# Source data:
-*-

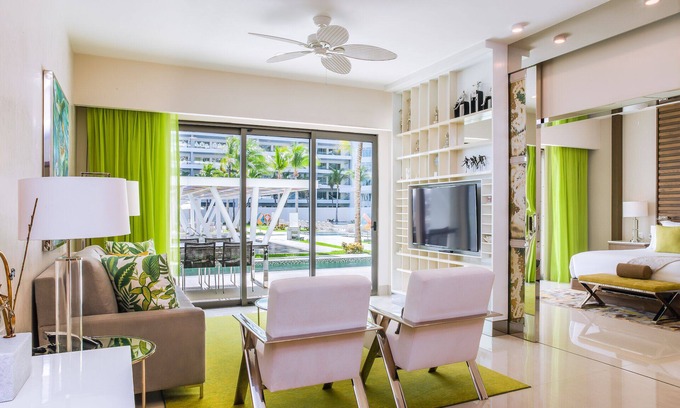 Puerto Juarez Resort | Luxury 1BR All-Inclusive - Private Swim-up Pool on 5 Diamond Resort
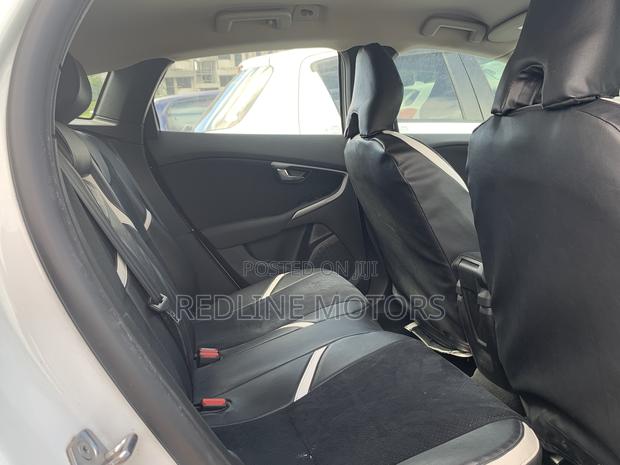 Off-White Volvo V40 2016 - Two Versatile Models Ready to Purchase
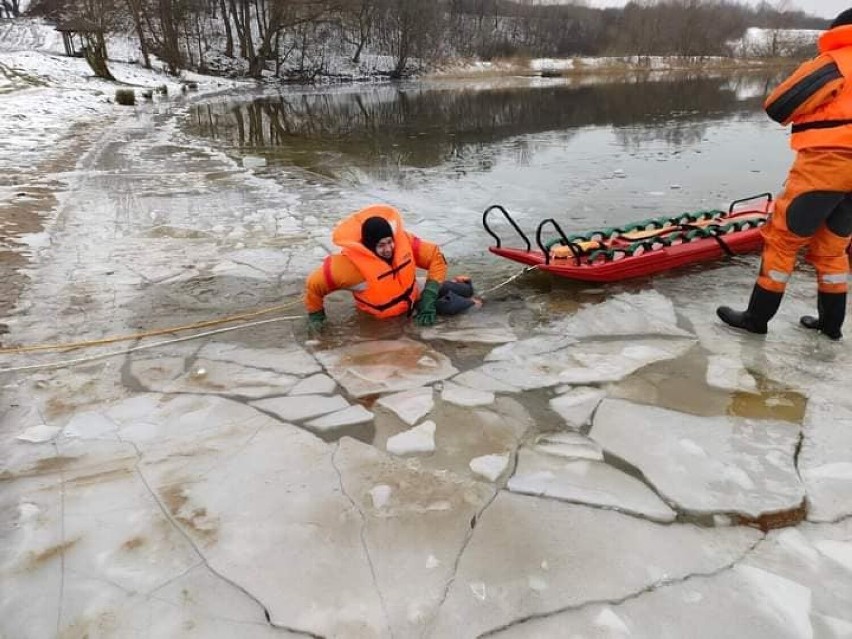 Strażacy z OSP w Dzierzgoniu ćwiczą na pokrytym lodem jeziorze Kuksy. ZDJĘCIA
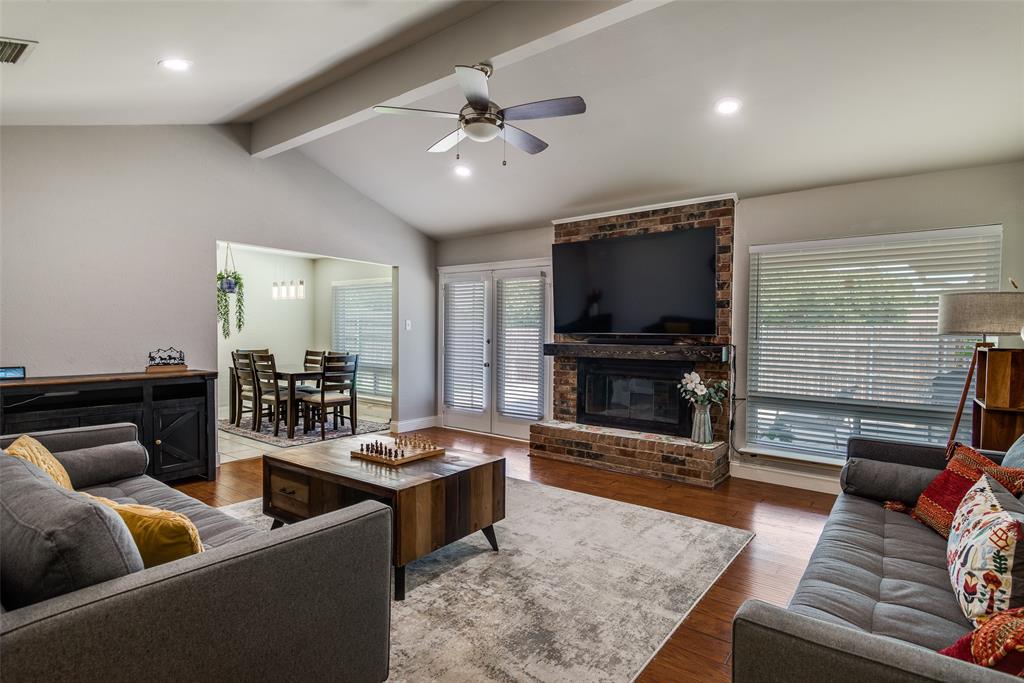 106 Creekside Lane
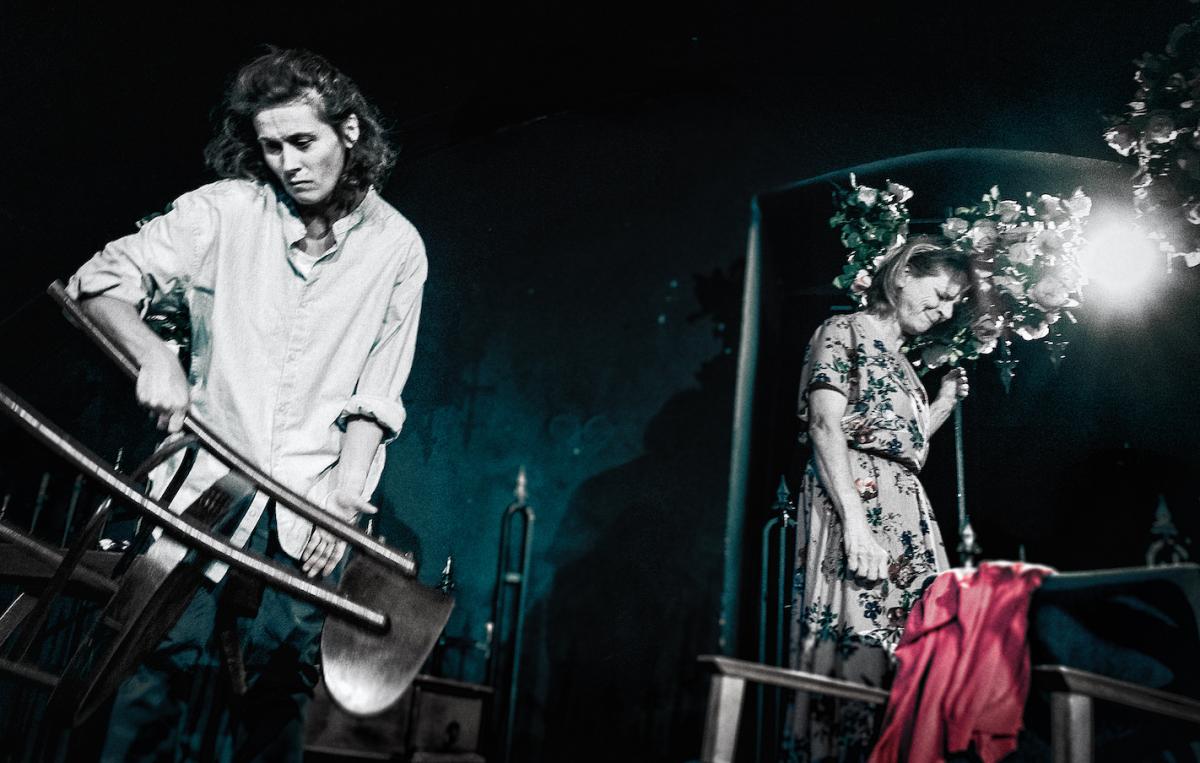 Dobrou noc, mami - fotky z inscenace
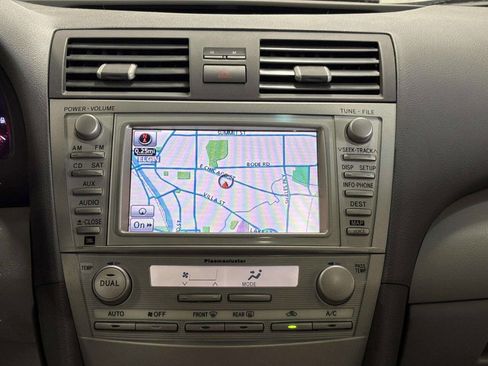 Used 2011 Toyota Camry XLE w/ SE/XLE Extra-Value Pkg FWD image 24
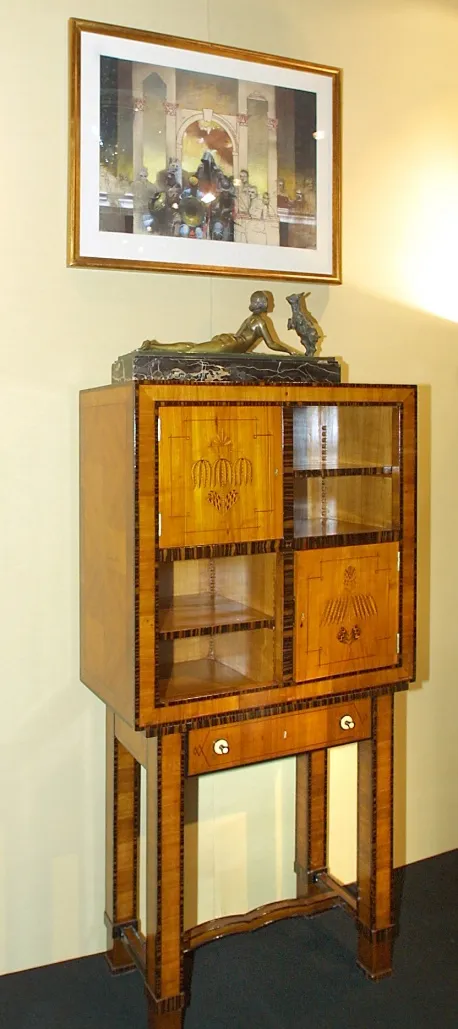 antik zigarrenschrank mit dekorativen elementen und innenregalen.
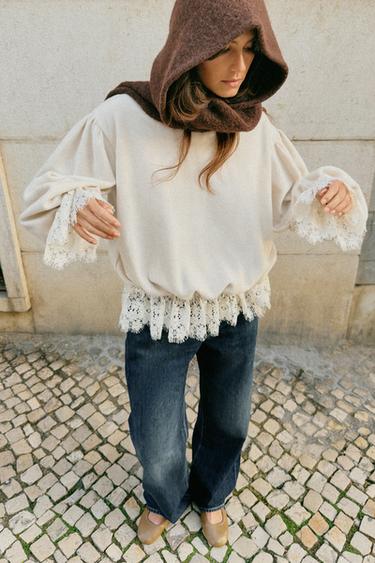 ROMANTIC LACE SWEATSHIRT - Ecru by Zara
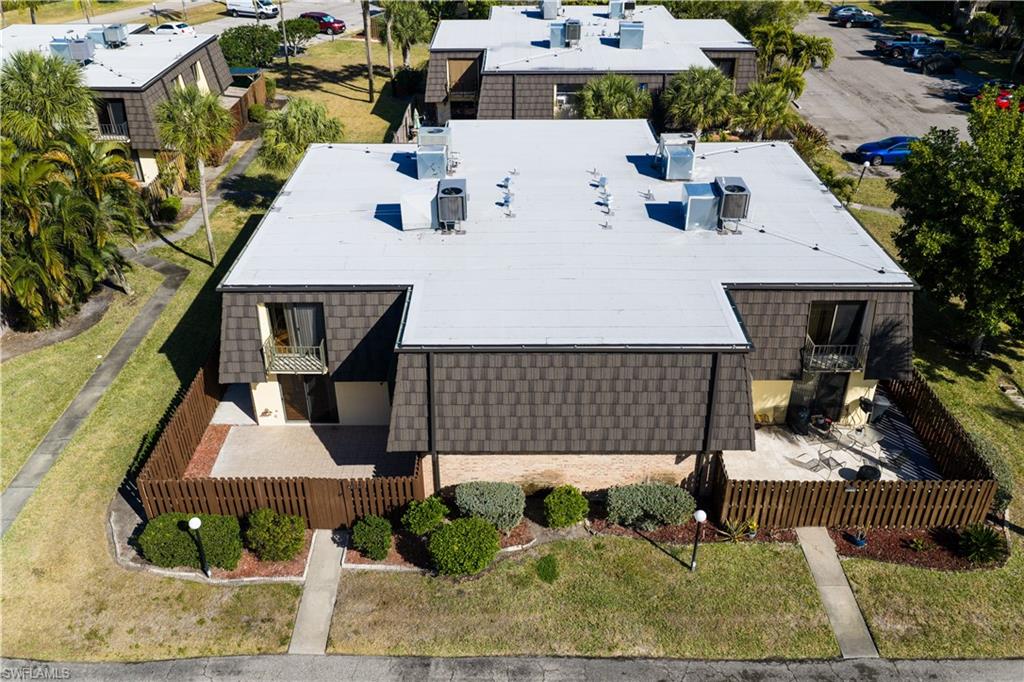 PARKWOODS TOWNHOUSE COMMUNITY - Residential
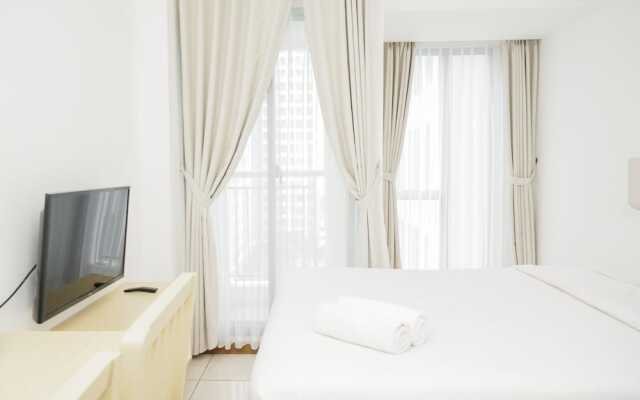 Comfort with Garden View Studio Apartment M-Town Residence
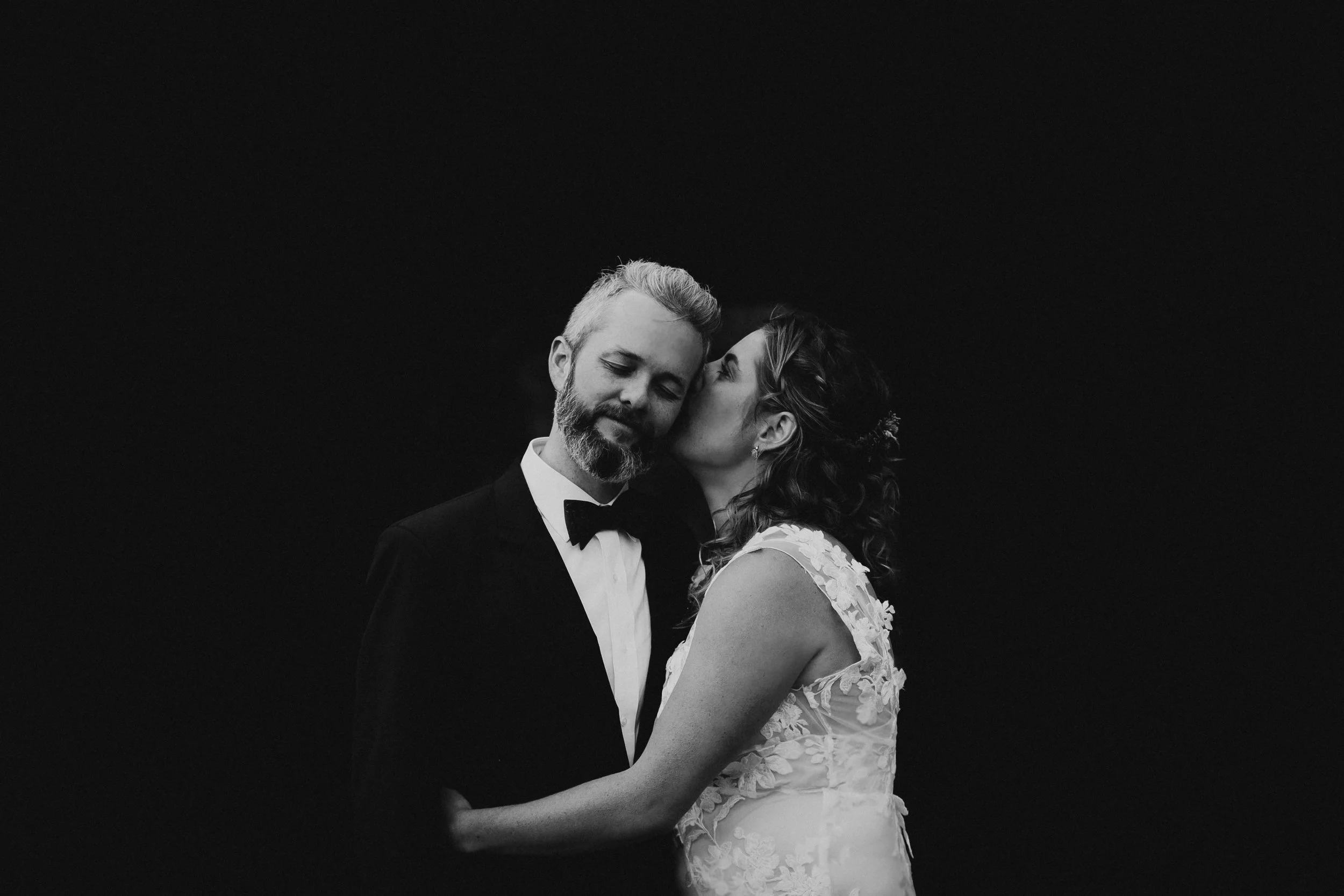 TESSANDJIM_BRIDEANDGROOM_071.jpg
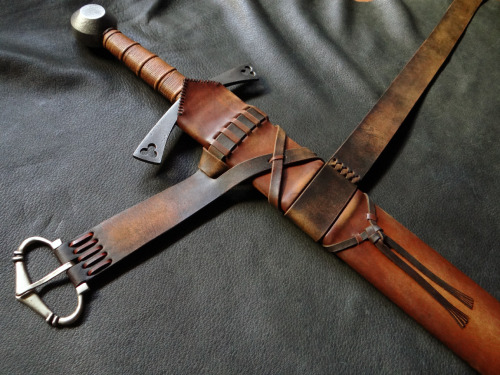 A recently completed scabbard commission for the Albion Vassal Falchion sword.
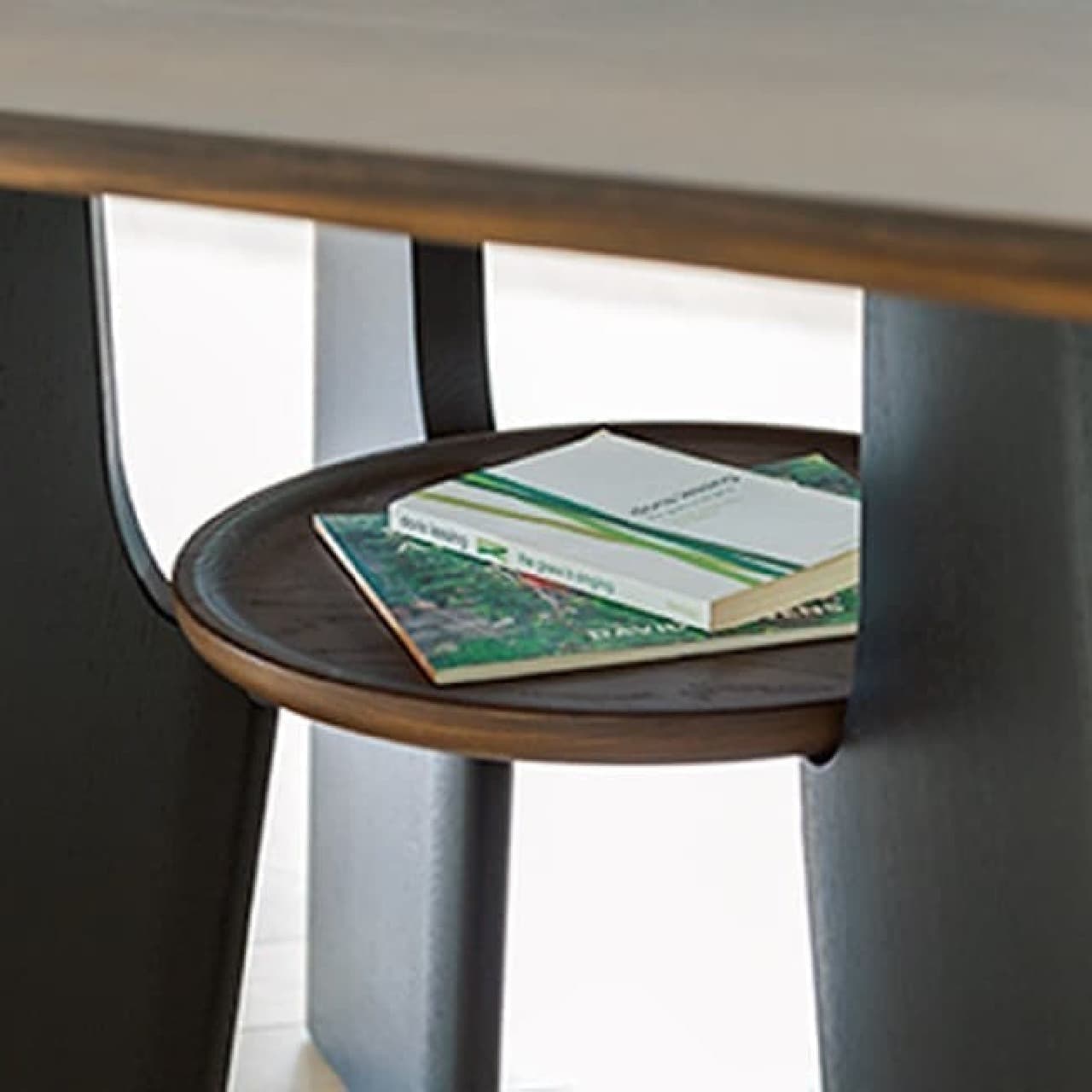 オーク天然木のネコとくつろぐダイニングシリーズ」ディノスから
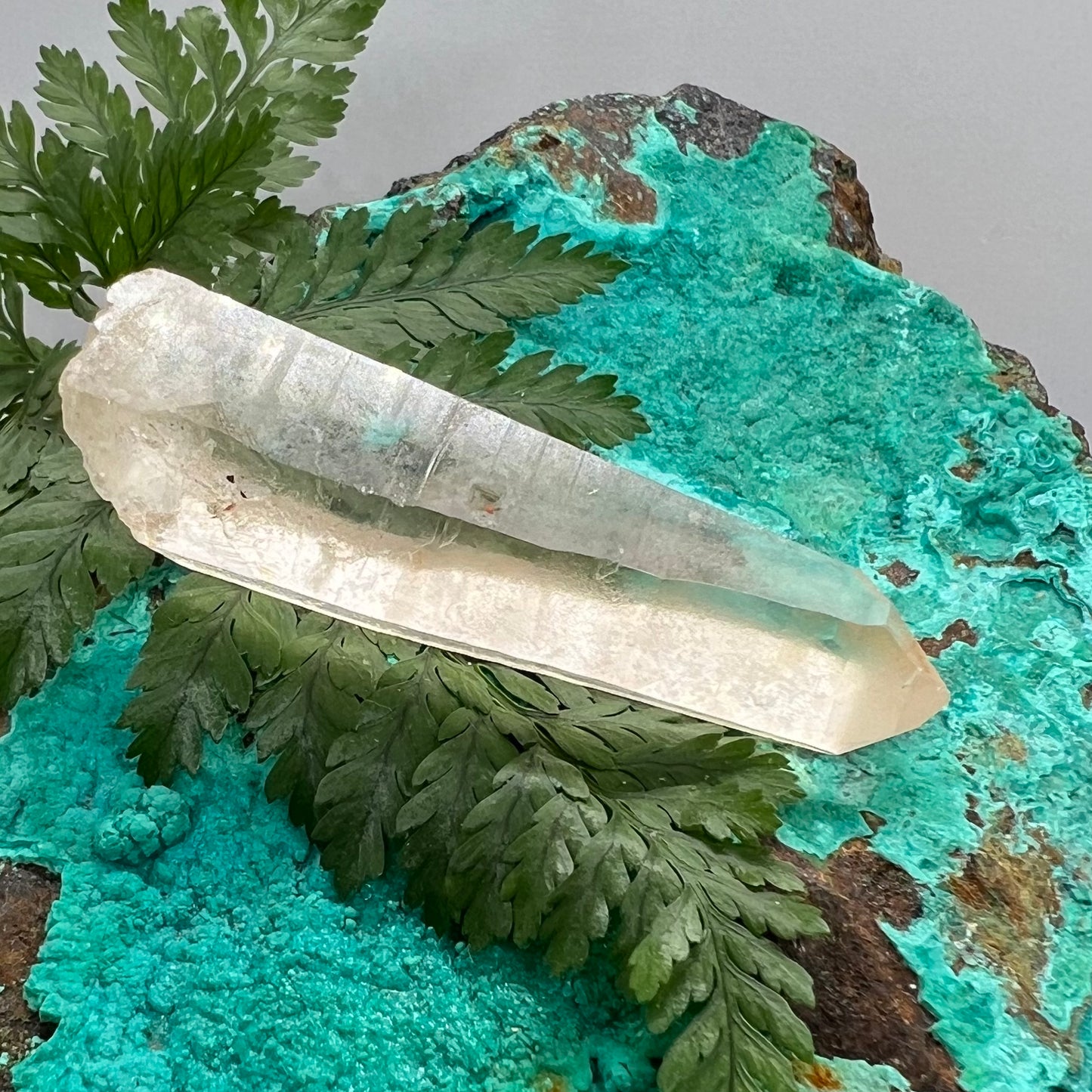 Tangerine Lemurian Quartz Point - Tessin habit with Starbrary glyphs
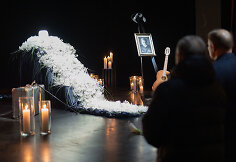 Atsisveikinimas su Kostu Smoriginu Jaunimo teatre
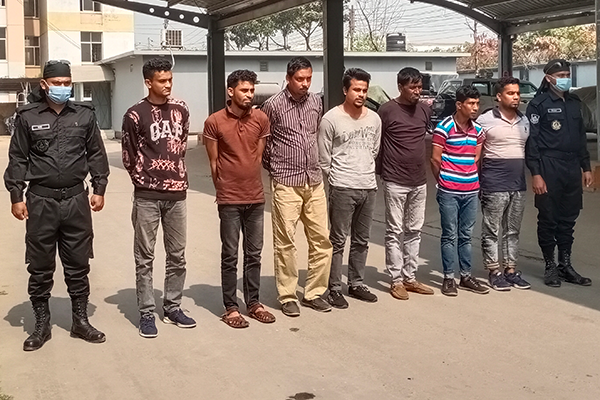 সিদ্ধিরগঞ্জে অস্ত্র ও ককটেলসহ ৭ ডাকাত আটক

-*-

# Task objective:
Leaving each picture behind, please give again exactly the lines above from the one with "Dobrou noc, mami - fotky z inscenace" through the one with "オーク天然木のネコとくつろぐダイニングシリーズ」ディノスから", both included, and no others.

# Solution:
 Dobrou noc, mami - fotky z inscenace
 Used 2011 Toyota Camry XLE w/ SE/XLE Extra-Value Pkg FWD image 24
 antik zigarrenschrank mit dekorativen elementen und innenregalen.
 ROMANTIC LACE SWEATSHIRT - Ecru by Zara
 PARKWOODS TOWNHOUSE COMMUNITY - Residential
 Comfort with Garden View Studio Apartment M-Town Residence
 TESSANDJIM_BRIDEANDGROOM_071.jpg
 A recently completed scabbard commission for the Albion Vassal Falchion sword.
 オーク天然木のネコとくつろぐダイニングシリーズ」ディノスから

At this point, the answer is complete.